2. Dogs a été principalement composé par GILMOUR, qui chante sur la première partie du morceau et qui assure toutes les parties de guitares. Cette chanson – la dernière de PINK FLOYD à être aussi longue (plus de 17 minutes) – dénonce l’opportunisme de la bourgeoisie et sa propension à trahir ceux dont elle s’est attiré la confiance. Mais ce système conduit au reniement et à l’aliénation… Il s’agit d’un des titres phares d’Animals, illustrant une approche musicale différente, plus agressive que par le passé. En outre, la batterie de Nick MASON occupe une place centrale dans ce morceau.
3. Comme son titre l’indique, Pigs (Three Different Ones) est divisé en trois couplets : le premier décrit les hommes d’affaires dans leur ensemble, le second prend pour cible une femme (Margaret THATCHER ?) dépourvue de toute humanité, et le troisième vise clairement Mary WHITEHOUSE militante pour le retour aux valeurs puritaines de la vieille Angleterre.

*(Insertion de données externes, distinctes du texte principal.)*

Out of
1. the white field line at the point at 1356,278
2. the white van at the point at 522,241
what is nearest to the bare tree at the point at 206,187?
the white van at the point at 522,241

Musicalement, le morceau bénéficie d’une superbe intro (notamment grâce à l’orgue Hammond de Rick WRIGHT). En plus des guitares, David GILMOUR joue de la basse, tandis que WATERS ‘se contente’ d’interpréter son texte.
4. Sheep : WATERS traite ici des moutons, masses laborieuses et suiveuses qu’il décrit comme des animaux soumis et craintifs, sous l’influence des classes dites supérieures, mais la révolte semble inexorable ; et c’est par un très bon solo de plus d’une minute 30 que Rick WRIGHT ouvre le morceau, qui, une fois lancé, devient sans doute le plus dynamique de l’album. WATERS enregistre ici pour la première fois une rythmique à la guitare.
5. Roger WATERS est juste accompagné par sa guitare acoustique sur Pigs On The Wing (Part 2) qui conclue l’album dans la simplicité et l’émotion. Cette chanson apporte des réponses aux interrogations formulées dans la Partie 1 : sa femme est là pour le guider sur le droit chemin, lui éviter la solitude et surtout le(s) mettre à l’abri des cochons volants.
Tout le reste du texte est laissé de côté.